[Saved entries]
------------------------------------------------------------

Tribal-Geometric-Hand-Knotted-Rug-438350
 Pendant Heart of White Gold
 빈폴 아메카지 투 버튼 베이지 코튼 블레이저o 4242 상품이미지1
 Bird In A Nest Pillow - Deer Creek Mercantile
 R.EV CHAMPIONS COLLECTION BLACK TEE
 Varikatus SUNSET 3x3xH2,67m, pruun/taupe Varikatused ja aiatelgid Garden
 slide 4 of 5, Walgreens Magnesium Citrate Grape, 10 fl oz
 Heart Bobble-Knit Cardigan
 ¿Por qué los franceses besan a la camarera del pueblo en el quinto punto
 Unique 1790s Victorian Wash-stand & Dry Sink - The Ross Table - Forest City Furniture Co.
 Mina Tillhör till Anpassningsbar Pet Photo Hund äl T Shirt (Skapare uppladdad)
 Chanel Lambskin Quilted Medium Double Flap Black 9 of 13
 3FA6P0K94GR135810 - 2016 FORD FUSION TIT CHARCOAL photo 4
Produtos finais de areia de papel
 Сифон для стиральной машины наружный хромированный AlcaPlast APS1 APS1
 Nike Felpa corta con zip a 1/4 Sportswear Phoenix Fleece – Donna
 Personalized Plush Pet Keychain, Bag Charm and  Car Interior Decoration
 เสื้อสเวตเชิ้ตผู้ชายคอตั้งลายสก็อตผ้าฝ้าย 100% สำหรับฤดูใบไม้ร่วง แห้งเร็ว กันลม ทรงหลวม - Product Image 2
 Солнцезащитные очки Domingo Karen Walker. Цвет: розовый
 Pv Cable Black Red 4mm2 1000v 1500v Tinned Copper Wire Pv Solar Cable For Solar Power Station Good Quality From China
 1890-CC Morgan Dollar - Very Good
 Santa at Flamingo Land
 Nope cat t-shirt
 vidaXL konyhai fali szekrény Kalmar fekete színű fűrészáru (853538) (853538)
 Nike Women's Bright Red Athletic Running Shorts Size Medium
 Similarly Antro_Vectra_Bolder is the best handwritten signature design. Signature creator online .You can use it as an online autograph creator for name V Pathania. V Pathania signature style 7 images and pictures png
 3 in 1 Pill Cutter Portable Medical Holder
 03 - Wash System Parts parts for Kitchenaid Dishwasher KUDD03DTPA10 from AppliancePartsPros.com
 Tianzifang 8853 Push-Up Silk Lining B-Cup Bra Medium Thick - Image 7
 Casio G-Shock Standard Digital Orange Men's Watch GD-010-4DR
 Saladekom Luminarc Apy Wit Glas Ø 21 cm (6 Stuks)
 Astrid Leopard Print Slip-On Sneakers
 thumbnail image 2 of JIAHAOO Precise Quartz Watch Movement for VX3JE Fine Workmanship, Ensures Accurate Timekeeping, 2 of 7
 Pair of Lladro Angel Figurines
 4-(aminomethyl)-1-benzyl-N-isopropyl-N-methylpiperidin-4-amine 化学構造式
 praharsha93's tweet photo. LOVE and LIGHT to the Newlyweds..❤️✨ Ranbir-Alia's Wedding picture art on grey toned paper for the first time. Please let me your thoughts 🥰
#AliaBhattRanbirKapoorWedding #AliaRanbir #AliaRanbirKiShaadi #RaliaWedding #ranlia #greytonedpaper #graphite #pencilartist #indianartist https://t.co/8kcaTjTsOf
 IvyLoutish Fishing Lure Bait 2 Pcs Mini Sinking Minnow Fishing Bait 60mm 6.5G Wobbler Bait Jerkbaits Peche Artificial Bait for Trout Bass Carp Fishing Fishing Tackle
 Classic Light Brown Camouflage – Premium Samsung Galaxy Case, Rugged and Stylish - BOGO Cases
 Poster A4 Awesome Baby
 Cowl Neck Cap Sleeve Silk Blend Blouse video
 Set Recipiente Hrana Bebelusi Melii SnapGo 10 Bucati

------------------------------------------------------------

Retype the records above, but only those lines that fall between the line containing "Casio G-Shock Standard" and the line containing "Poster A4 Awesome Baby", with both of those lines included, exactly as written.

 Casio G-Shock Standard Digital Orange Men's Watch GD-010-4DR
 Saladekom Luminarc Apy Wit Glas Ø 21 cm (6 Stuks)
 Astrid Leopard Print Slip-On Sneakers
 thumbnail image 2 of JIAHAOO Precise Quartz Watch Movement for VX3JE Fine Workmanship, Ensures Accurate Timekeeping, 2 of 7
 Pair of Lladro Angel Figurines
 4-(aminomethyl)-1-benzyl-N-isopropyl-N-methylpiperidin-4-amine 化学構造式
 praharsha93's tweet photo. LOVE and LIGHT to the Newlyweds..❤️✨ Ranbir-Alia's Wedding picture art on grey toned paper for the first time. Please let me your thoughts 🥰
#AliaBhattRanbirKapoorWedding #AliaRanbir #AliaRanbirKiShaadi #RaliaWedding #ranlia #greytonedpaper #graphite #pencilartist #indianartist https://t.co/8kcaTjTsOf
 IvyLoutish Fishing Lure Bait 2 Pcs Mini Sinking Minnow Fishing Bait 60mm 6.5G Wobbler Bait Jerkbaits Peche Artificial Bait for Trout Bass Carp Fishing Fishing Tackle
 Classic Light Brown Camouflage – Premium Samsung Galaxy Case, Rugged and Stylish - BOGO Cases
 Poster A4 Awesome Baby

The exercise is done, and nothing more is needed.